Do you see the pattern? My “work week” is curiously absent of self-betterment and skill developing challenges. A bit too heavy on the laundry and dishes side to be considered Dharma-infused.
Now please don’t get me wrong, a great part of my fulfillment is to see my family happy. I wouldn’t have embraced this “job” if that weren’t a significant piece for me. I cherish being my kid’s mother and my husband’s wife. Best gig I ever had!
I love it in the same way that my husband loves being a Dad and husband. And in the same way our kids love us as parents. And how we all love being a family together.
We aren’t talking about love.
We are talking about SELF fulfillment. Dharma. Purpose. Passion. Whichever term you relate best to. I am referring to the quality of tasks you busy yourself with each day that all mesh together at the end to become your life.
Now I have to tread lightly here, because all of those terms I just mentioned, they are not anyone’s responsibility but my own. It is not my husband’ job, or my kid’s job, or anyone else’s job to ensure my SELF is happy. That is also my job.
And I certainly don’t expect every day to be consciousness-expanding enlightenment, but there is a New Balance in order.
The epiphany that led to this post, is that is important to pay attention to more than just division of work. Running down a To-Do list is easy. The quality and context of those line items however, must always provide room for SELF. If it doesn’t, the train switches tracks very quickly from feeling “of service”, to feeling resentment. That is no good for anyone. I once read that in many cases the Mom is the barometer for the rest of the family.
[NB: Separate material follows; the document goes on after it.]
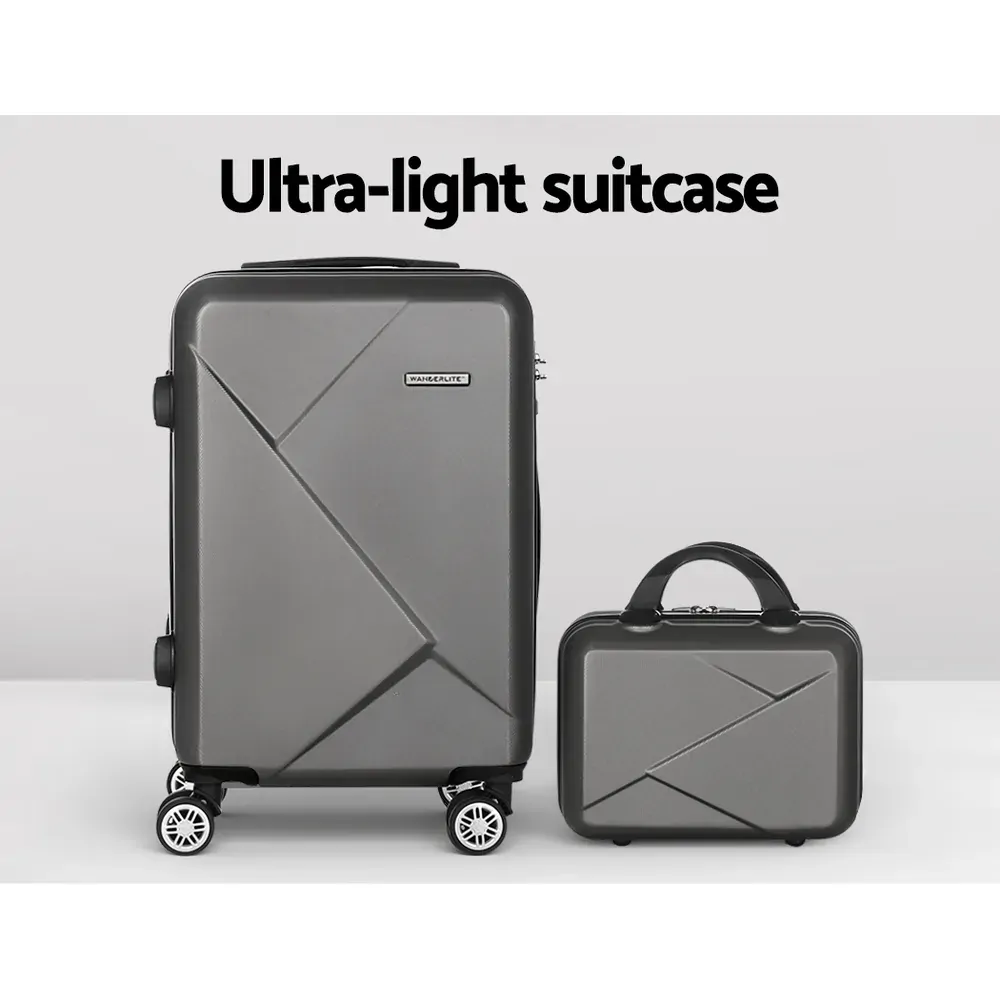 2pc Luggage 12" 20" Trolley Travel Suitcase Storage Carry On TSA Lock Dark Grey Price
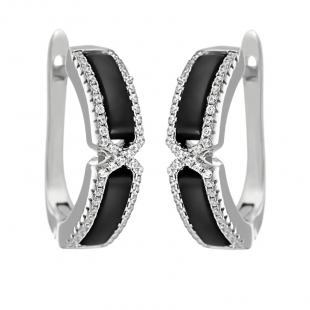 Серьги<br> 0220911733B-M, керамика матовая, куб.цирконий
The metaphor runs along the same lines of the popular expression: Happy Wife, Happy Life. The idea being: If Mom is off kilter, that energy transfers to everyone else. I feel that goes for both sides of the equation: husband AND wife.
So my lesson learned today, I’m setting some goals. Each week, I intend to walk a few steps in line with my life purpose, and the highest good.
Not indulgence. Not, “I’m going to eat that second brownie cause I deserve it” kind of stuff. More like, committing to an hour of “study time” reading a book that will teach me something I want to learn, with the same unwavering devotion I give my family. Cause they weigh the same. That is the New Balance.
It’s a bit late for resolutions, but that is mine.